> _Prompt_
Reproduce the material below only from the line with "Sushi & Sashimi Gold Combo (23pcs)" to the line with "Parna Hotel", both included, keeping each line exact and dropping the pictures.

> _Source information_
════
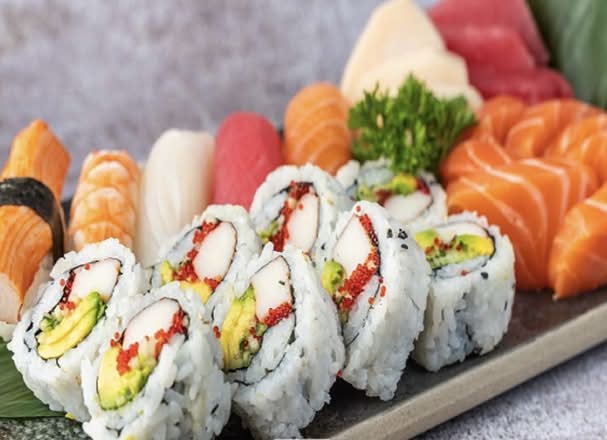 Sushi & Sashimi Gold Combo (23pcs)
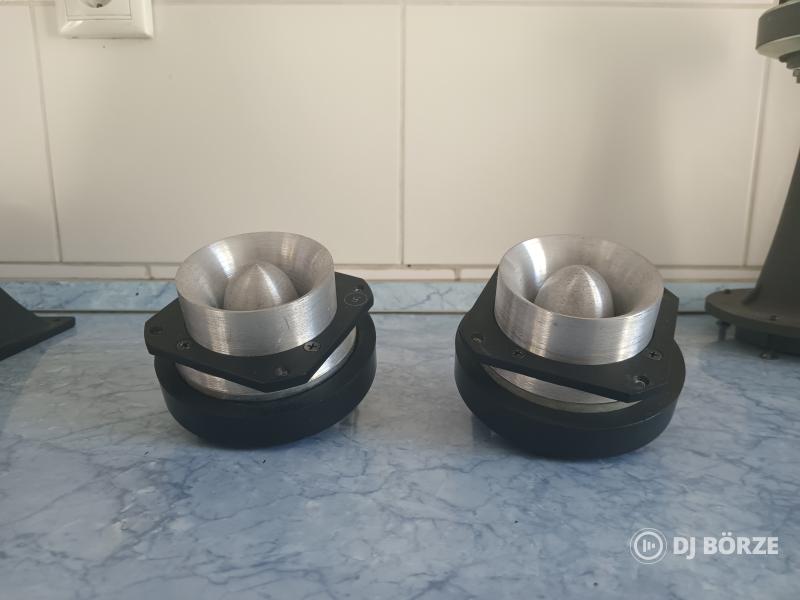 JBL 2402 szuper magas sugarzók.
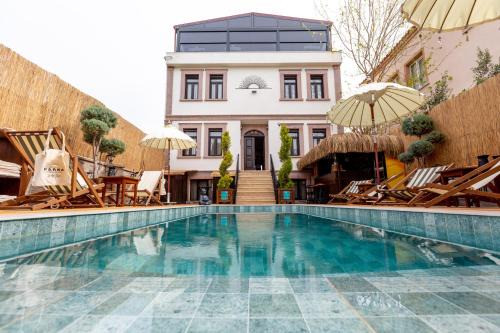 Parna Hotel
════
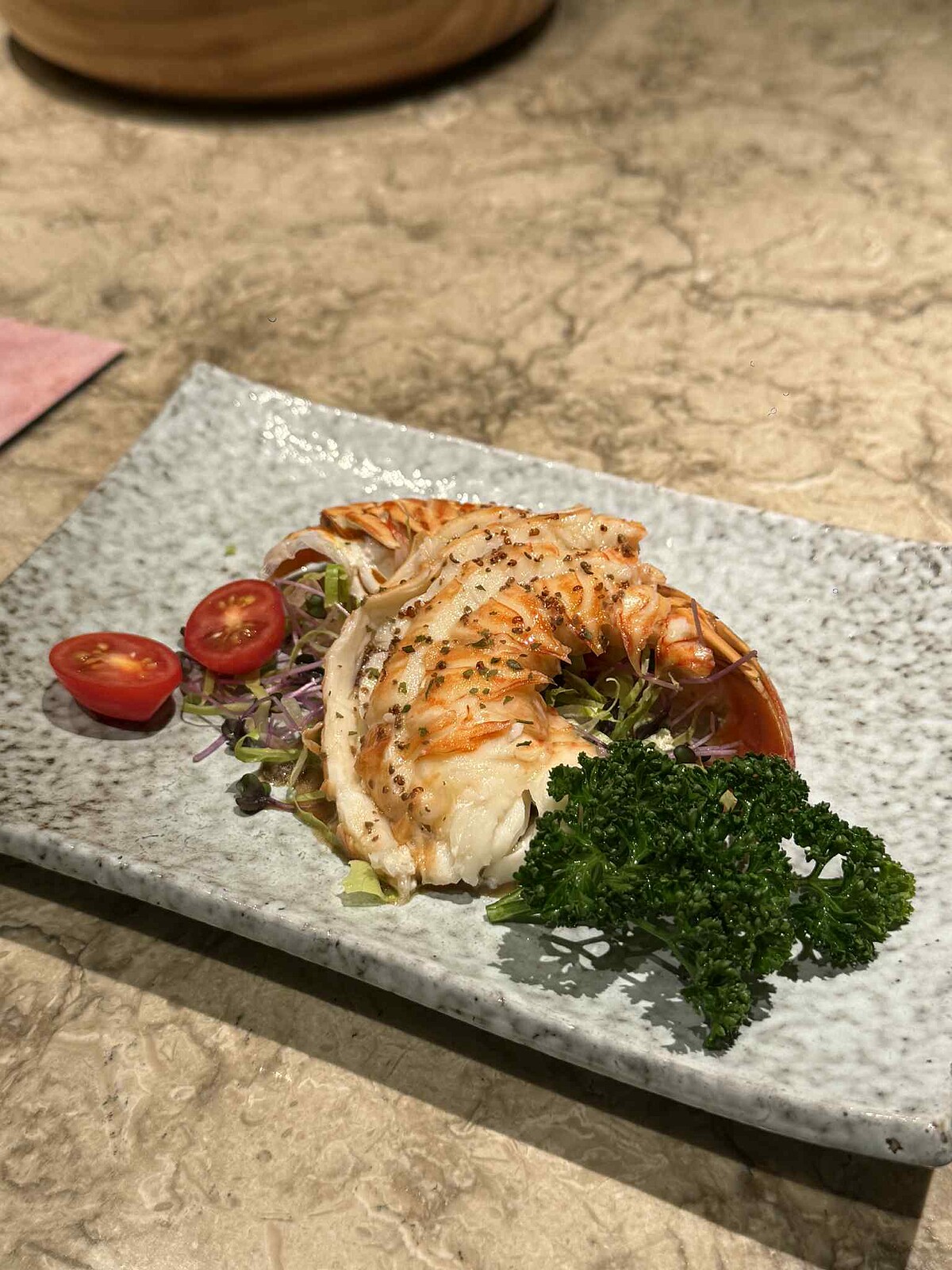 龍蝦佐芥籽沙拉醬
════
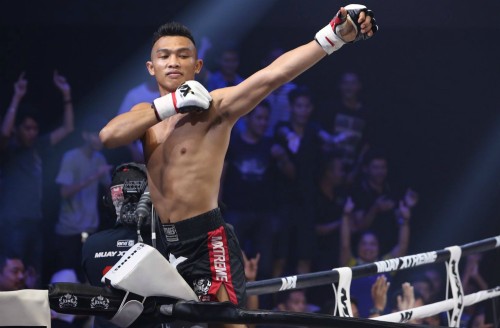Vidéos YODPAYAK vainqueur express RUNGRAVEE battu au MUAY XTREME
════
> _Response_
 Sushi & Sashimi Gold Combo (23pcs)
 JBL 2402 szuper magas sugarzók.
 Parna Hotel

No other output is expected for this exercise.